«Les deux principaux perdants du scrutin sont le premier ministre Hun Sen et les spéculateurs immobiliers avides. Mais ceux-là sont protégés…» Une semaine après les législatives du 28 juillet au Cambodge, les leçons du très bon score obtenu par l’opposition – 55 sièges contre 68 remportés officiellement par le parti au pouvoir, sur fond de fraudes massives – sont tirées sous le couvert de l’anonymat.
Le professeur d’université qui accuse ainsi l’inamovible chef du gouvernement ne veut pas dire son nom. Il sourit à l’évocation de la Commission d’enquête électorale à laquelle le Parti du peuple Cambodgien (PPC, ex-parti communiste pro-vietnamien) et son adversaire, le Parti du sauvetage national du Cambodge (PSNC, qui revendique la victoire avec 63 sièges au lieu de 55), ont accepté de participer. Pour lui, la principale cause du mécontentement politique au Cambodge est aujourd’hui économique: «Hun Sen jouissait auparavant d’une réputation de «protecteur» des Cambodgiens. Il est maintenant perçu comme un parrain mafieux qui couvre les expropriations illégales, et protège les investisseurs étrangers, notamment chinois, contre son propre peuple.»

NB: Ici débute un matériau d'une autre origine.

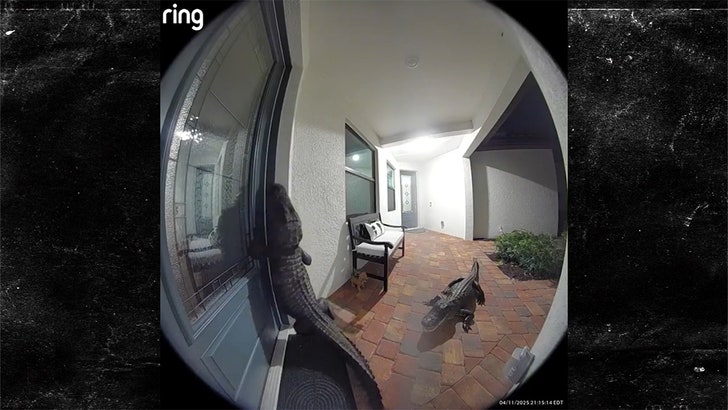 4503adbb32bb4630a7da87b777c80c38_md 042025_alligators_ring_kal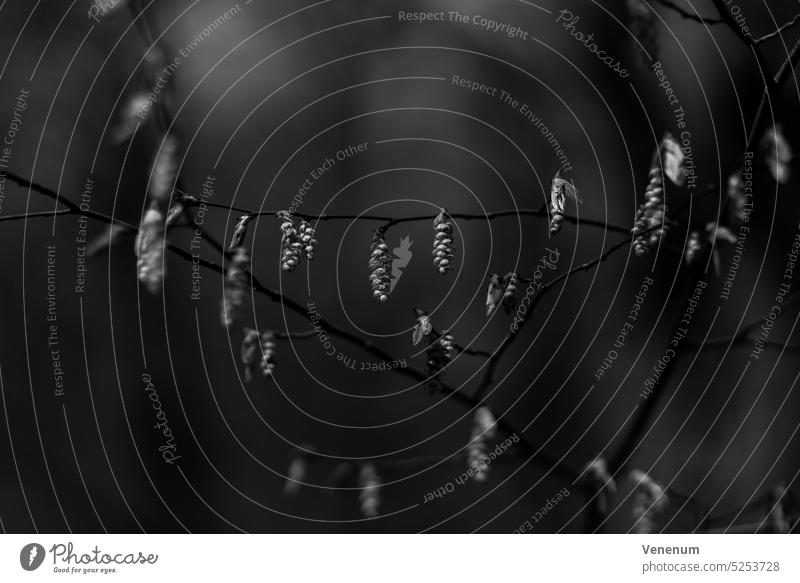 Zweige eines Erlenbaums im Frühling, mit den ersten Blättern des Jahres, geringe Schärfentiefe, unscharfes Bokeh, Schwarz-Weiß-Fotografie Baum Bäume Wald Wälder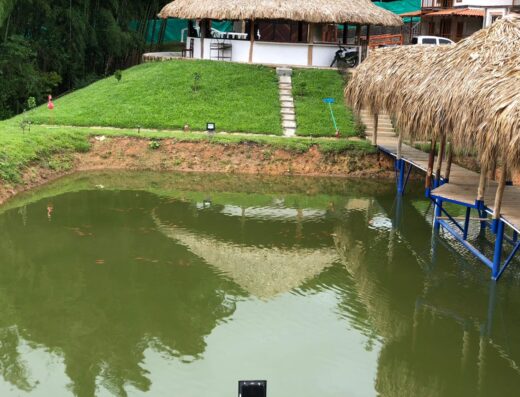 Criadero Villa Piedad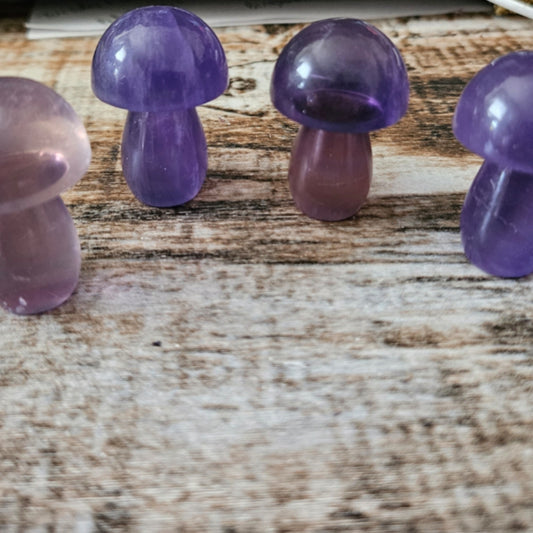 Flourite mushrooms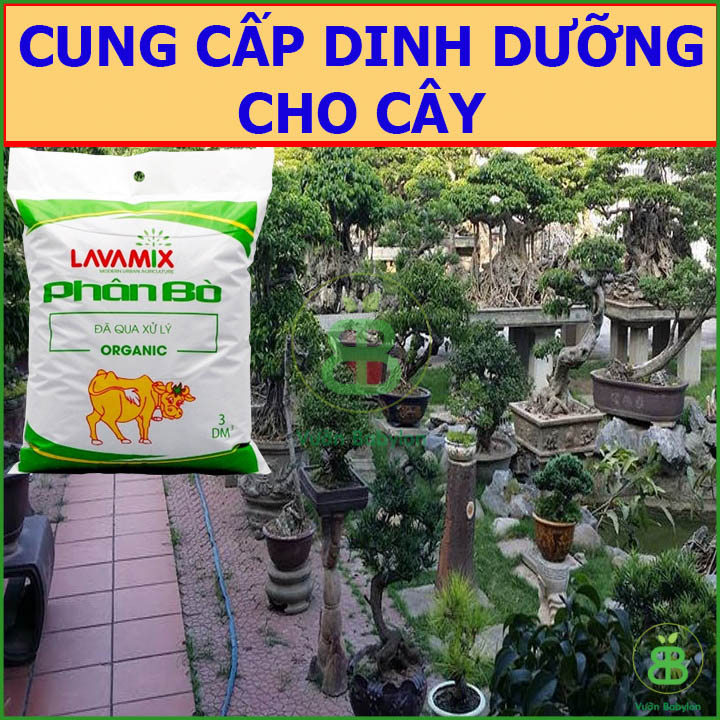 Phân Bò LAVAMIX Đã Qua Xử Lý 3DM3
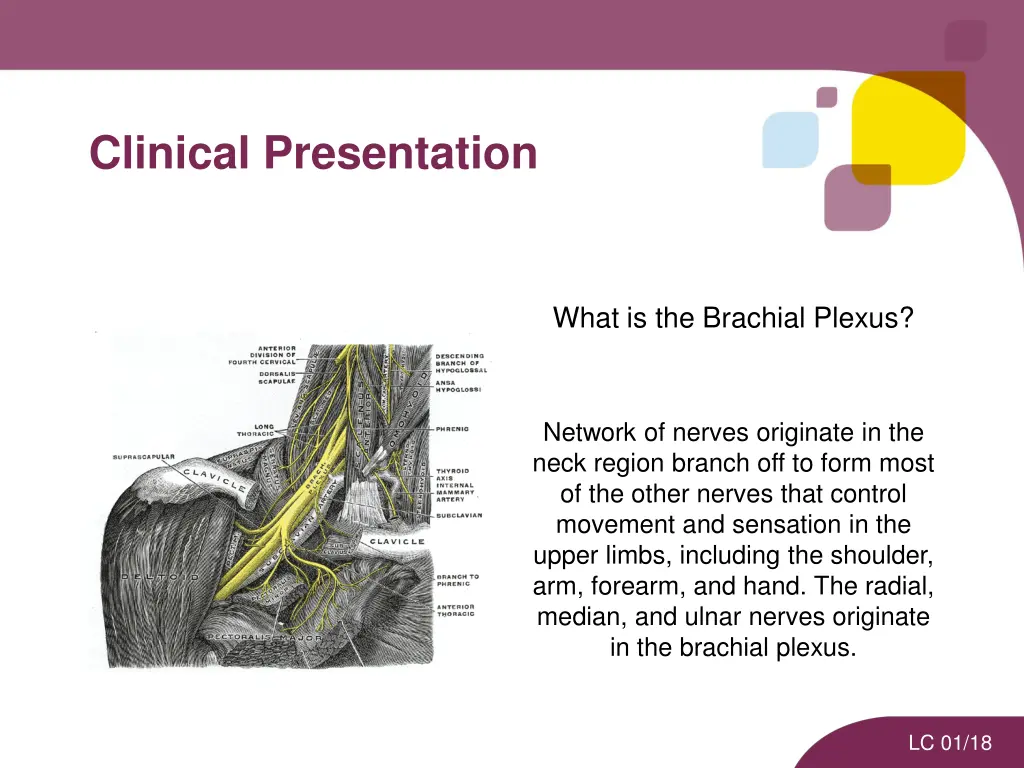 clinical presentation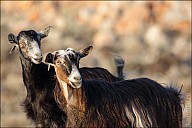 03SouthCoast_02Goats_19_IMG_2755.jpg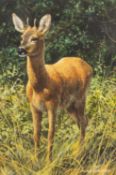 Carl Brenders (Belgian/ American, b. 1937 - Roe Deer - Gouache - 11.5 x 7.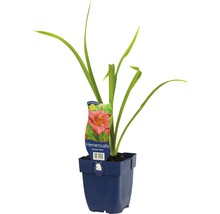 Denivka FloraSelf Hemerocallis-kultivar 'Summer Wine' výška 5-20 cm květináč 0,5 l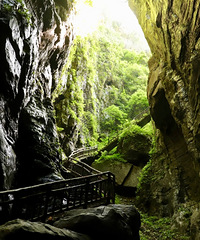 光与影的诗歌,在武陵山森林公园感受凉爽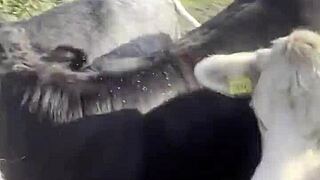 Happy Hippie Girl Chats With Cows And Craves You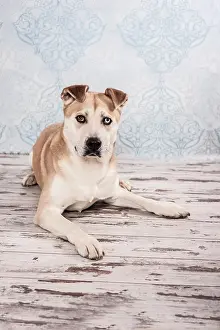 Akita: Akita Inu mixed-breed dog, lying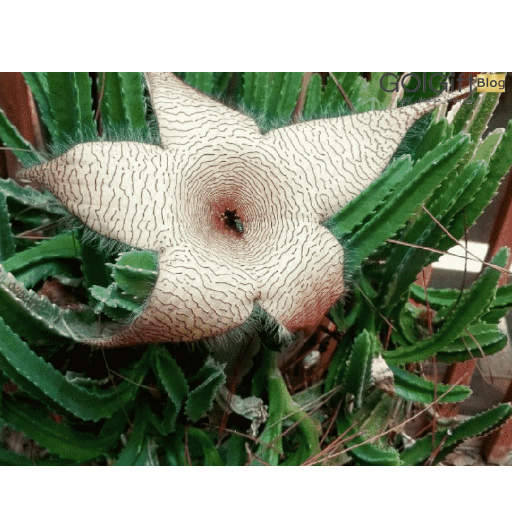 تصویر تکثیر کاکتوس قورباغه‌ای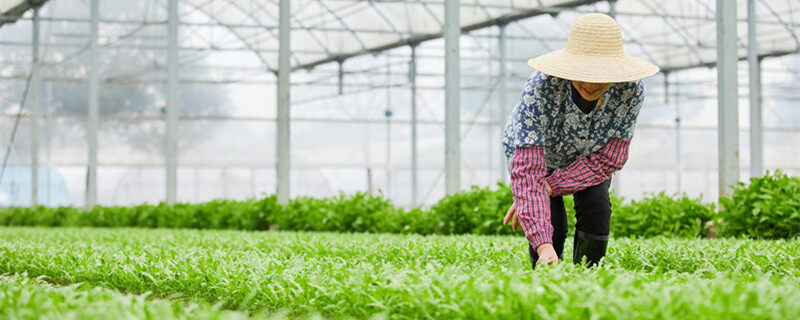 茼蒿几天发芽出苗 茼蒿几天发芽出苗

Le développement économique du Cambodge, à commencer par le boom immobilier sauvage à Phnom Penh, la capitale, mais aussi à Siem Reap (où se trouvent les temples d’Angkor) et dans la ville côtière de Sihanoukville, était, de fait, l’un des enjeux du scrutin. L’ampleur de la contestation pourrait, dès lors, entraîner des corrections. L’un des sujets clefs est l’accaparement des terres par les promoteurs dans les villes, ou par les grandes compagnies d’exploitation du bois, ou de plantations de caoutchouc et de canne à sucre dans les campagnes.
Début juillet, des manifestations de paysans ont encore eu lieu à Koh Kong, au sud-ouest du pays. A Phnom Penh, l’assèchement du lac Boeng Kak, qui irriguait la ville, par le consortium sino-khmer Shukaku Inc. dirigé… par le sénateur et magnat Lao Meng Khin nourrit la colère urbaine après avoir conduit à l’expulsion de plus de 3500 familles et à l’arrestation arbitraire de 13 activistes, relâchés en juin. «Le gouvernement nous tue à petit feu. Il nous étrangle», avait prévenu avant le scrutin Tep Vanny, une meneuse des protestations, récompensée le 31 mars aux Etats-Unis.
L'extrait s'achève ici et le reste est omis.